▶ _Aim of the exercise_
In the records below, find the line with "Rainbow Death Moth" and repeat exactly every line from it through the line with "Load image into". Pictures stay out.

▶ _Input records_
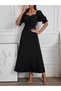Women's Black V-Neck Short Sleeve Front Gathered Long Imported Crepe Dress - 7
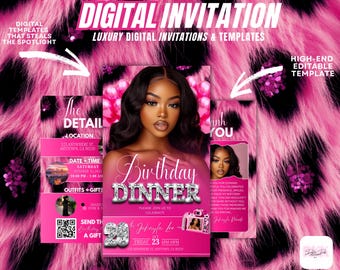 Pink Glam Birthday Dinner Invitation: Editable Canva Template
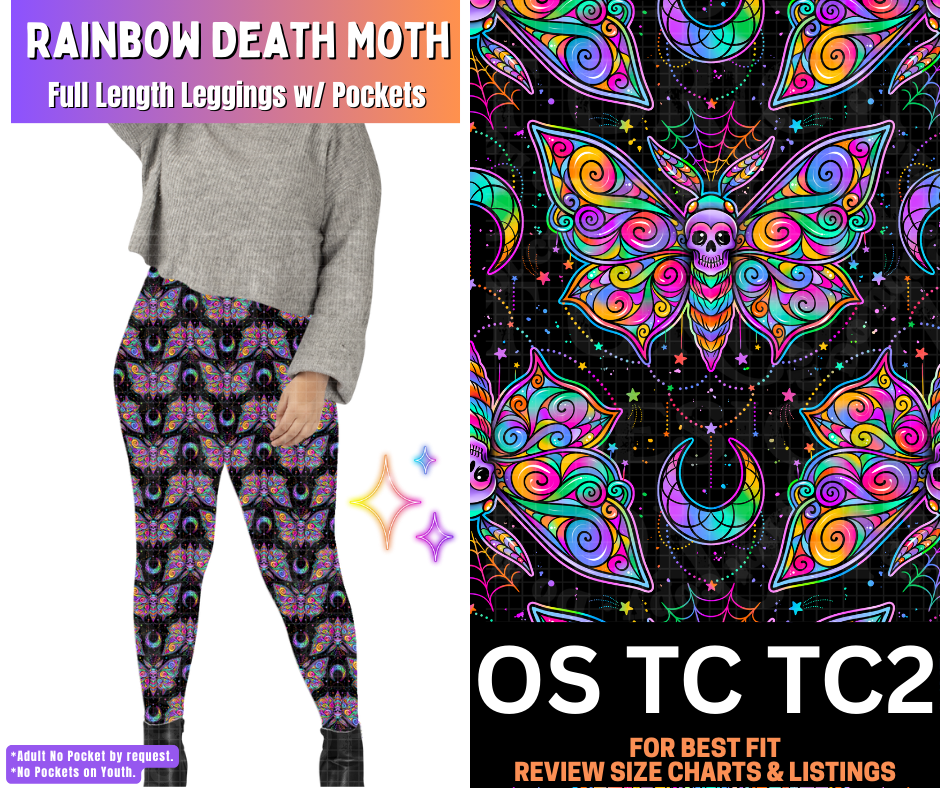 Rainbow Death Moth Full Length Leggings w/ Pockets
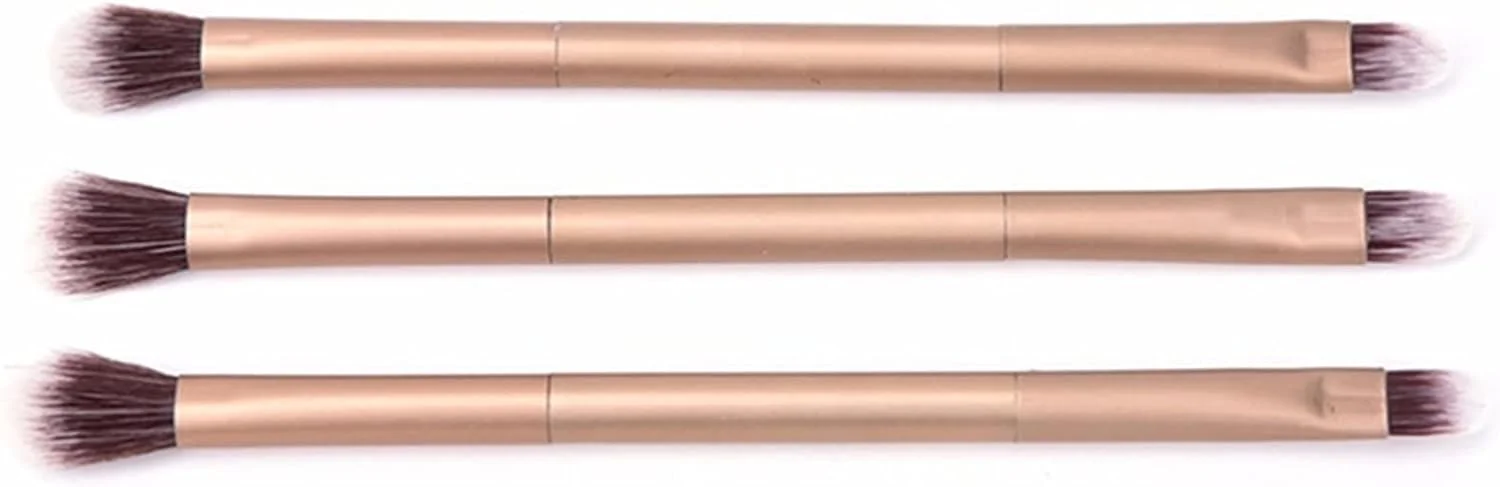 ست براش آرایشی هودور، براش حرفه ای آرایش چشم دو طرفه با دسته فلزی، کانسیلر مخروطی ممتاز، هایلایتر، براش ترکیب سایه چشم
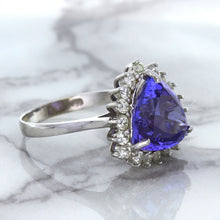 Load image into Gallery viewer, 5.06ct Trillion Tanzanite Ring with Diamond Halo in 14K White Gold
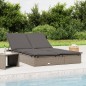 vidaXL Lettino Prendisole 2 Persone con Cuscini Grigio in Polyrattan vidaXL Lettino Prendisole 2 Persone con Cuscini Grigio in Polyrattan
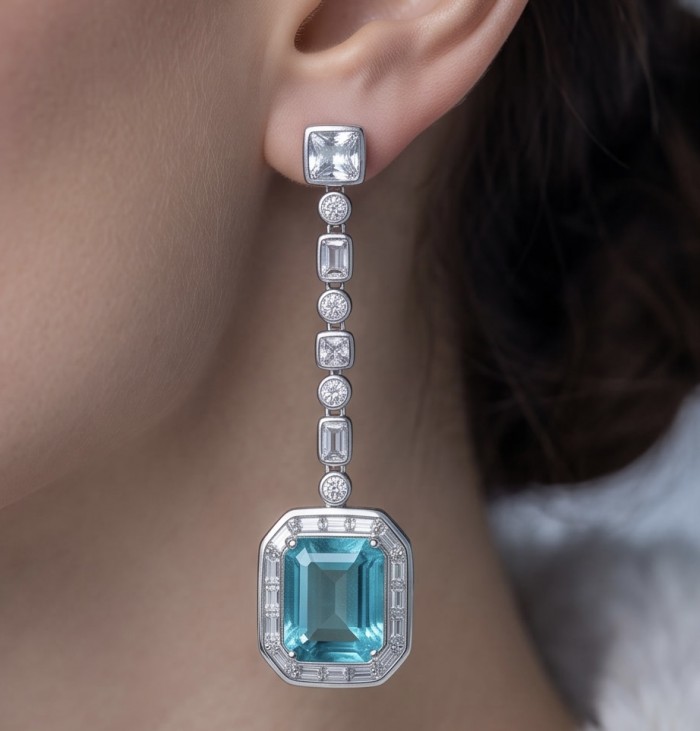 Incredible 8.5 carat Paraiba Tourmaline .925 Sterling Silver entirely handmade earrings - Paraiba Tourmaline earring worn on ear, showcasing gemstone detail.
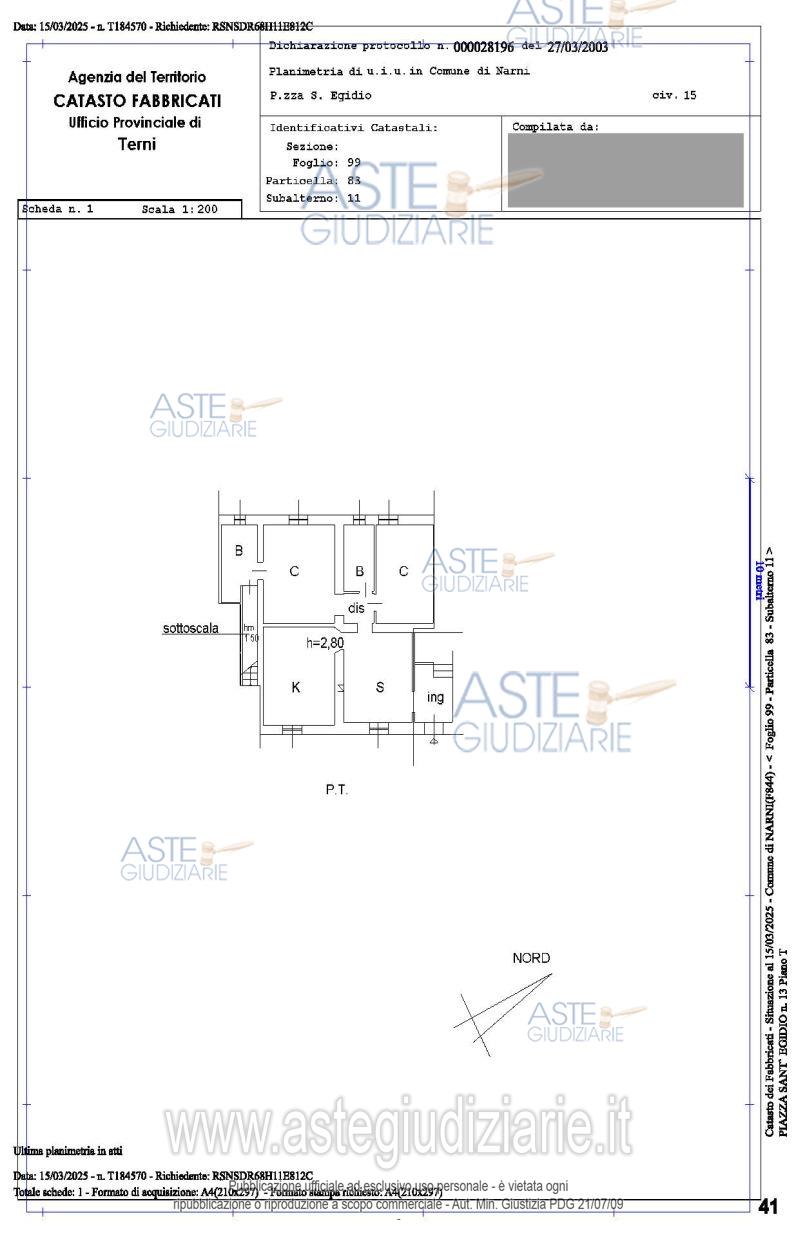Planimetria del bene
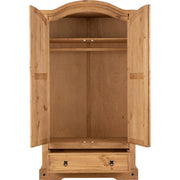 (SECONIQUE) 2 Door, 1 Draw, Brown, Waxed Pine, Wardrobe - yofurn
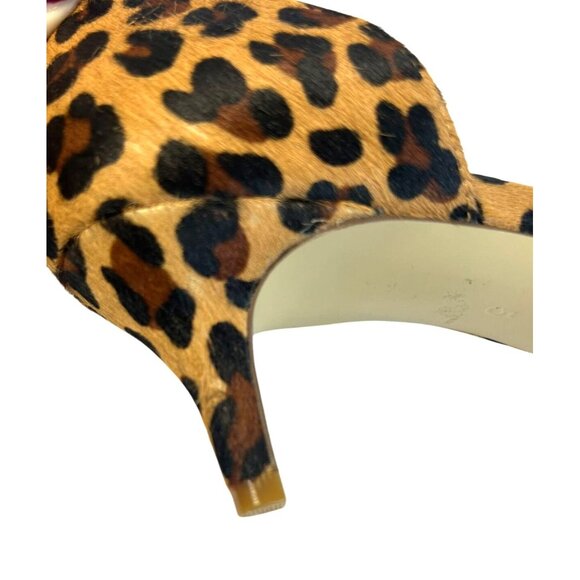 J. Crew Women's Size 5 Leopard Calf Hair Kitten Pointed Toe D'Orsay Pump Heels - Picture 15 of 16
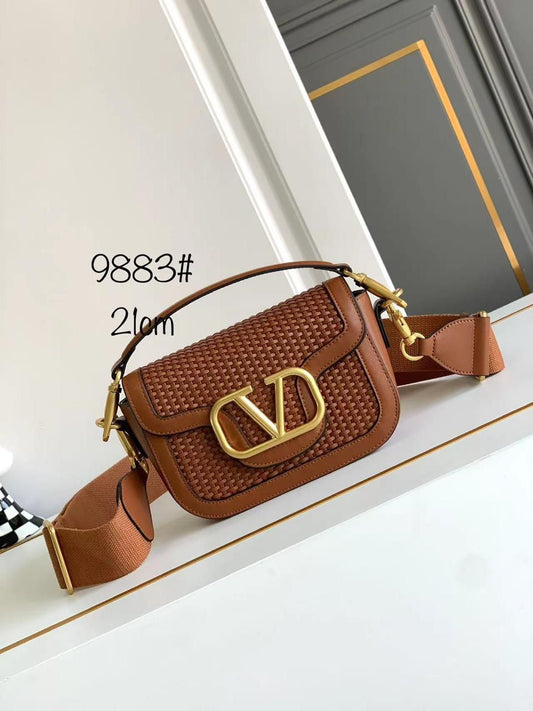 Valentino Garavani VLogo Woven Leather Shoulder Bag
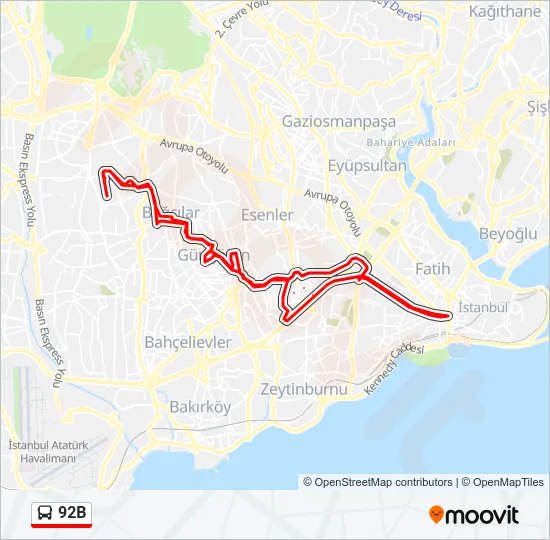 92B Bus Line Map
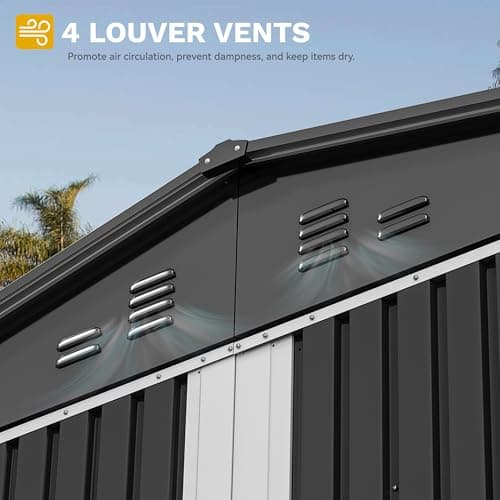 DWVO 9x6 FT Outdoor Storage Shed with Ventilation Windows, Utility Tool Shed Metal Storage Garden Shed with Door & Lock for Bike Storage, Waterproof Trash Shed for Backyard Garden Patio, Dark Dray
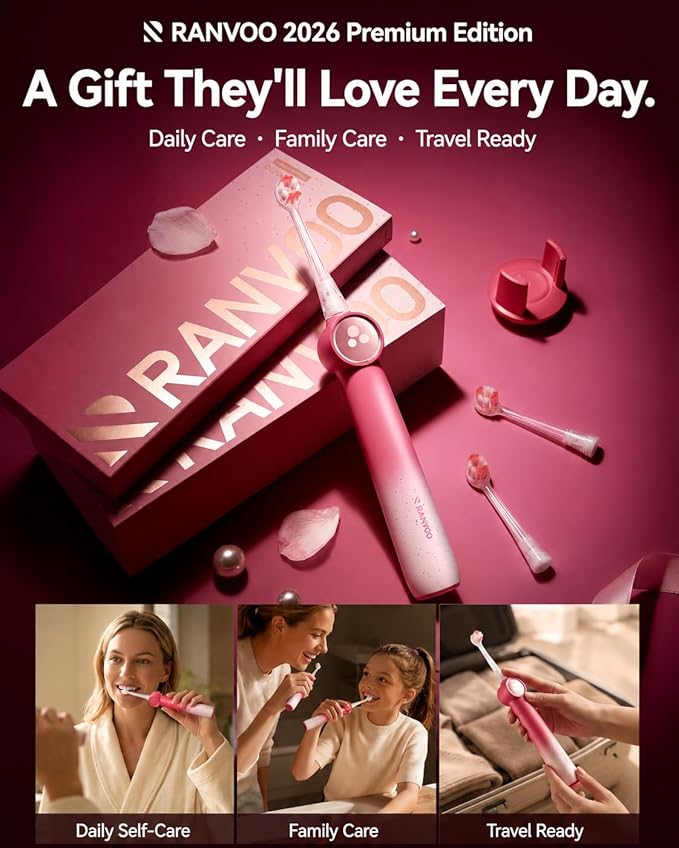 RANVOO AirJet X5 [Gift-Ready Pink Edition | Next-Gen Jet-Flow] Electric Toothbrush, 100% Plaque Removal, Whitening & Gum Care, 60-Day Battery Life, Rechargeable with 3 Pro Brush Heads, Cyclamen Pink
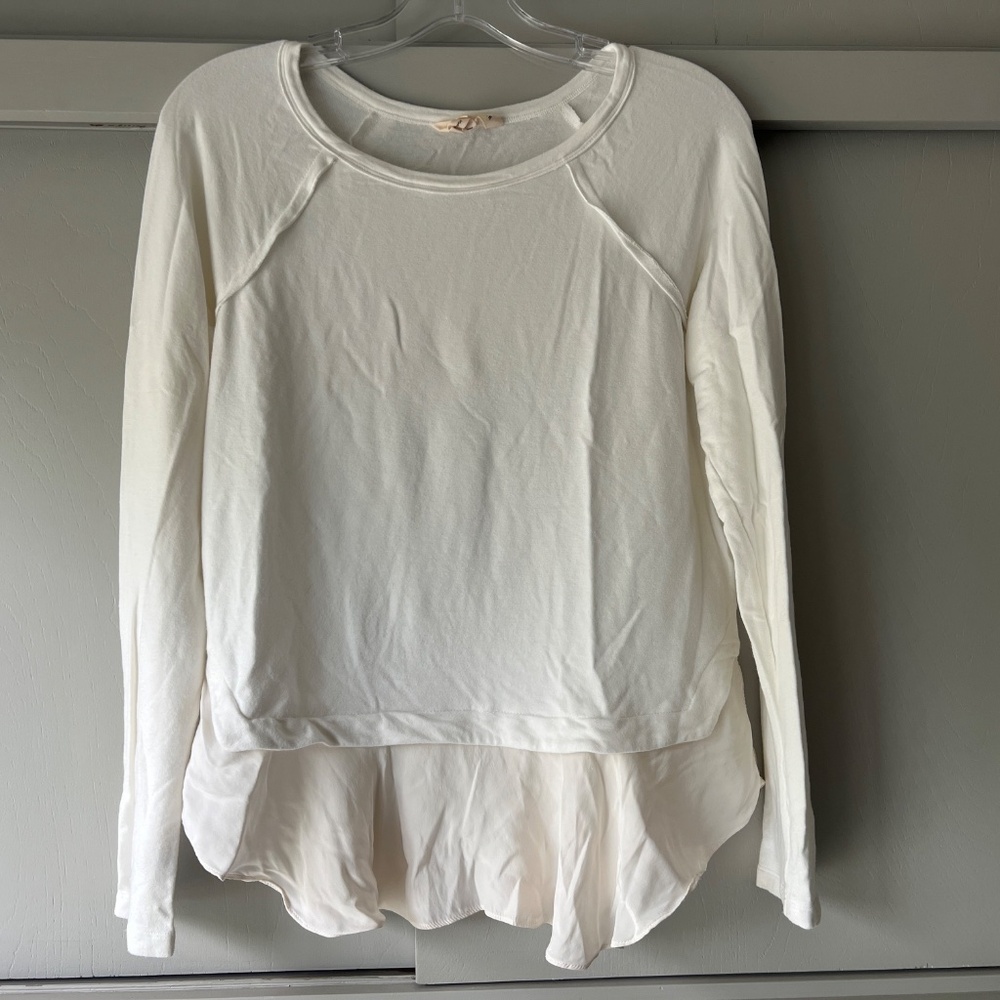 Rebecca Taylor Ivory Modal Long Sleeve Silk Peplum Hem Lagenlook T-Shirt Top L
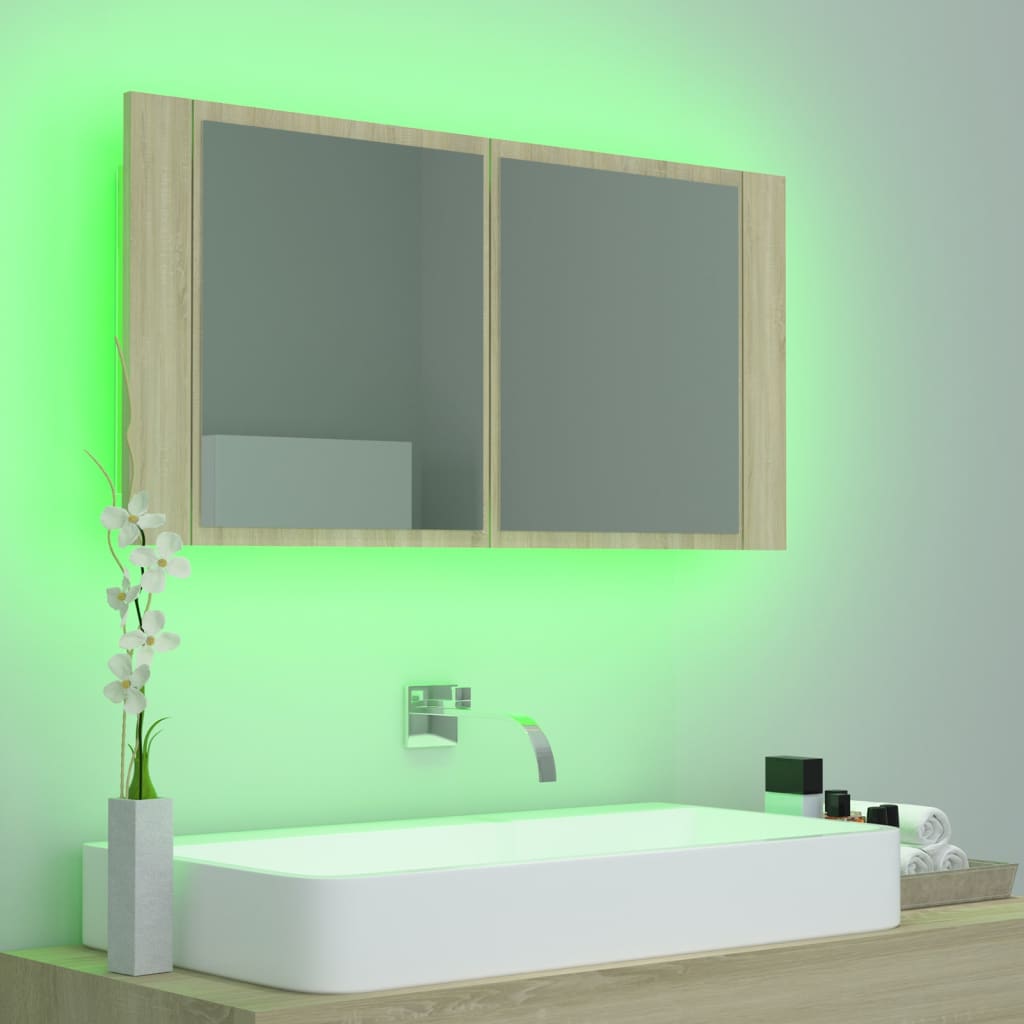 Badkamerkast met spiegel LED 90x12x45 acryl sonoma eikenkleurig Badkamerkaptafels | Creëer jouw Trendy Thuis | Gratis bezorgd & Retour | Trendy.nl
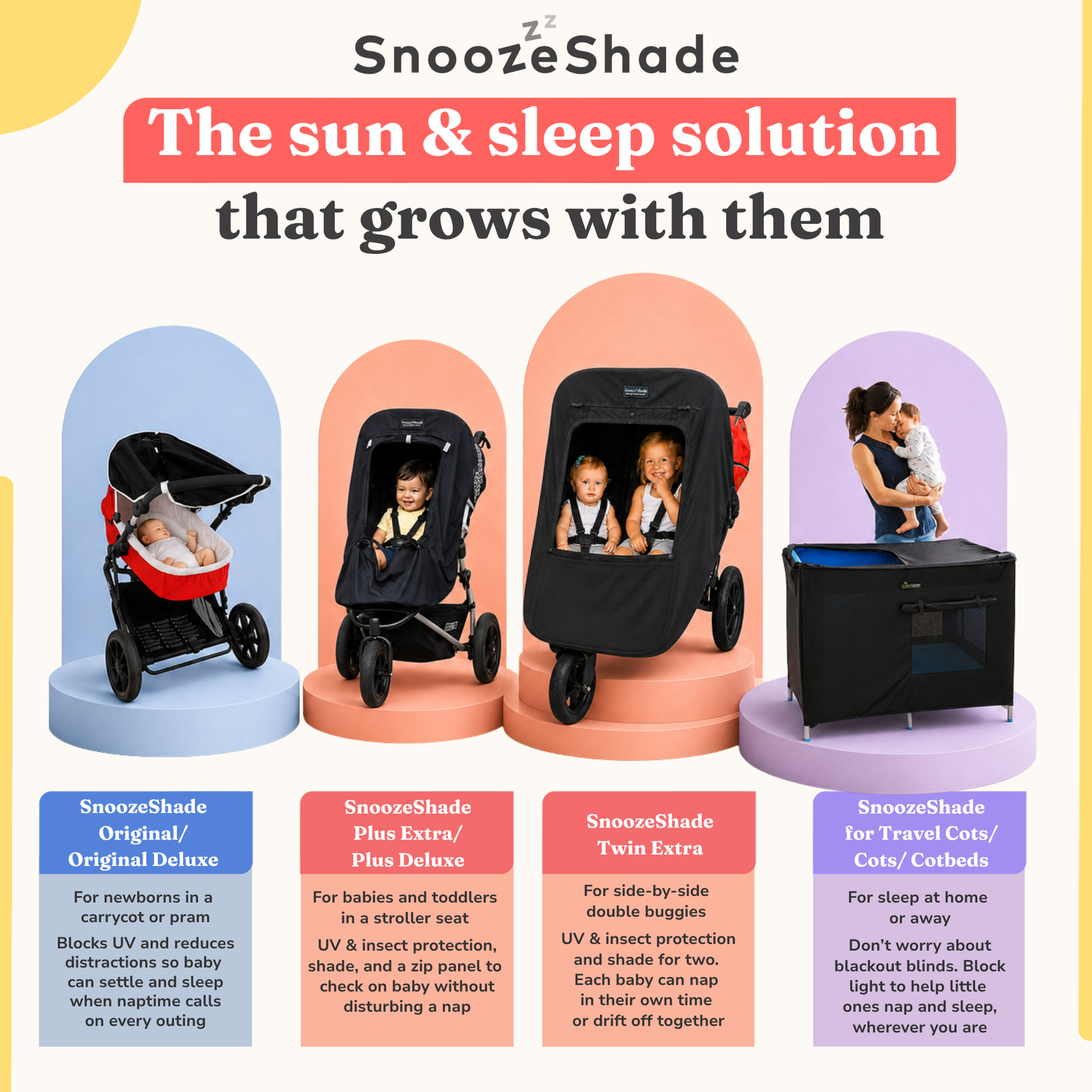 SnoozeShade Plus Extra - Stroller & Buggy Sun & Sleep Shade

▶ _Result for this exercise_
 Rainbow Death Moth Full Length Leggings w/ Pockets
 ست براش آرایشی هودور، براش حرفه ای آرایش چشم دو طرفه با دسته فلزی، کانسیلر مخروطی ممتاز، هایلایتر، براش ترکیب سایه چشم
 Load image into Gallery viewer, 5.06ct Trillion Tanzanite Ring with Diamond Halo in 14K White Gold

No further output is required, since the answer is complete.